What Michael Zinman also taught me is to be ready to take another look at the material. That is the task of the reader, the bookbinder, the human being. As Henry David Thoreau said, “It is never too late to give up our prejudices” (from the first chapter of Walden).

When I said I am a user of books I mean that books are necessary to the trade of writer and antiquarian bookseller. Yes, I read for pleasure and take pleasure in what I read when it is well written, but books are one of the tools with which I think about the world, learning about subjects of interest and trying to create context.

Bookbinding encourages thinking about how each element must fit and work with the others. One learns by doing it.

The book is an engineered object. When it functions properly that engineering is almost invisible unless you know how to look at the structure. A book functions best when OPEN. [Accompanying gesture of holding a book by the front board and letting it fall open.]

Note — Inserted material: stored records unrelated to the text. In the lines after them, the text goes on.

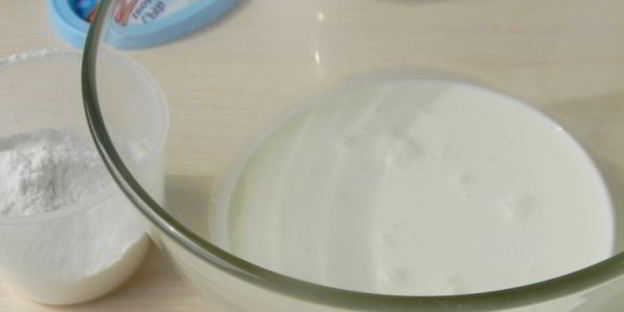 бисквитный рулет со сливочно-творожным кремом и глазурью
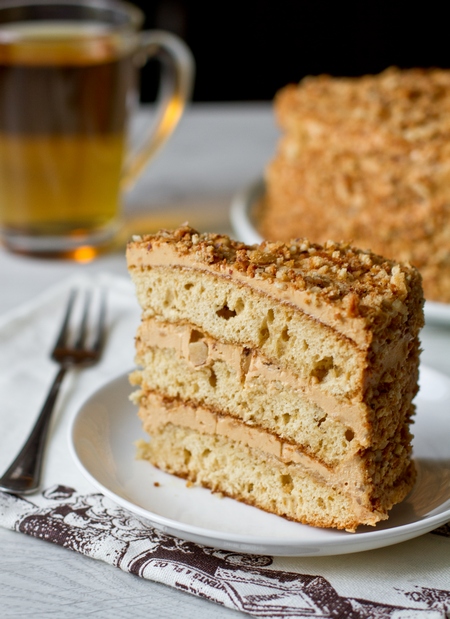 Рецепт медового торта с грецкими орехами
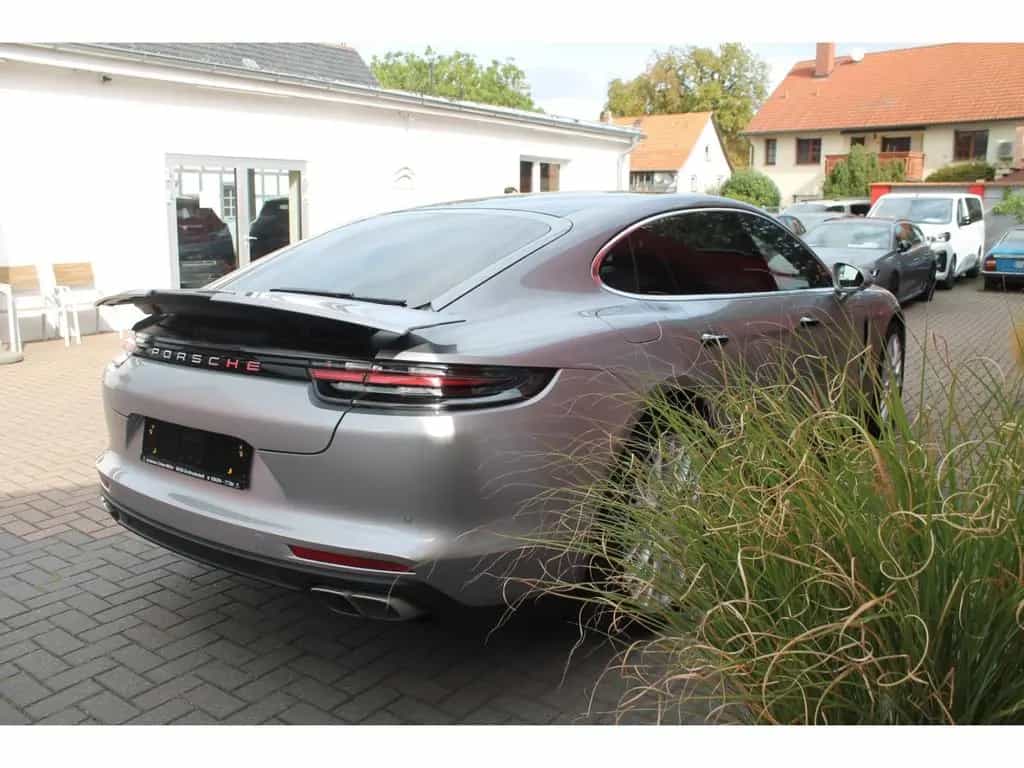 Porsche Panamera Turbo Executive Exclusive PCCB Approved 11/2019-photo-2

To be a science fiction writer is, in the words of Tom Disch, to read the newspaper “in a state of alert anxiety and think about what each headline portends”.

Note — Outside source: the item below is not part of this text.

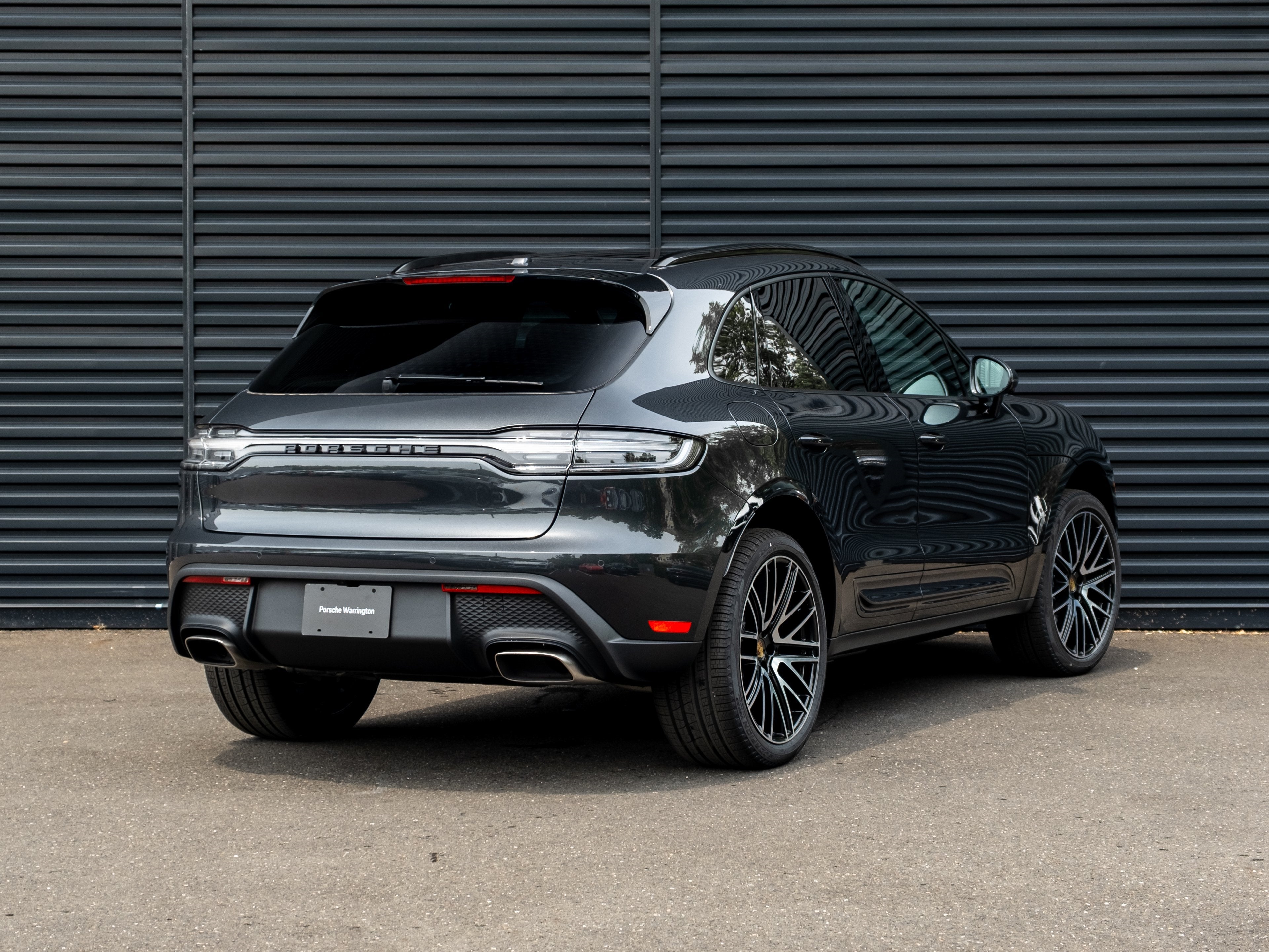 2025 Porsche Macan Base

In the twenty-first century one can push a button and a machine will extrude a hardcover book. You will have the text, yes, but that is about all you will have apart from what my friend Reno W. Odlin called a paperback in drag. Learning to make a hand binding offers another order of knowledge.

So too, with reading and thinking. There is a current ad in the New York City subway for some brand of generative AI designed to produce reports. You can see the possible allure for employers and owners. Push a button and something comes out at minimal perceived cost, and with no knowledge gained by the employee in the process. No investment in the employee as asset : to carry this notion to its logical conclusion, why bother to have employees at all ?

Roman Jakobson wrote, “It is the purposeful poetic use of lexical and grammatical tropes and figures that brings the creative power of language to its summit”. How much of that occurs when a button is pushed ?

Charles Darwin wrote in a letter on 1 November 1846 : “I have unfortunately lost the reference & it is a high crime, I confess, ever to refer to an opinion, without a precise reference.”

The nature of generative AI is in fact degenerative, serving only to cut information loose from its tether. It is the opposite of learning.

We are human beings on a small bit of rock circling our sun, one star moving through our vast universe (I am paraphrasing Fredric Brown’s “Imagine”). How do you want to experience the universe during your brief, illusory, impermanent interval here? Do you want to instruct a machine to do it for you? The great satirist of science fiction Robert Sheckley wrote about this in a story called “The Robot Who Looked Like Me”.

To make a book is to work with other people, to make a society. A legal system is an engineered object, too, created by a group of humans : for whose benefit ?

Interrogate the book on your desk, interrogate the nature of the legal system. Attempt things you haven’t done before.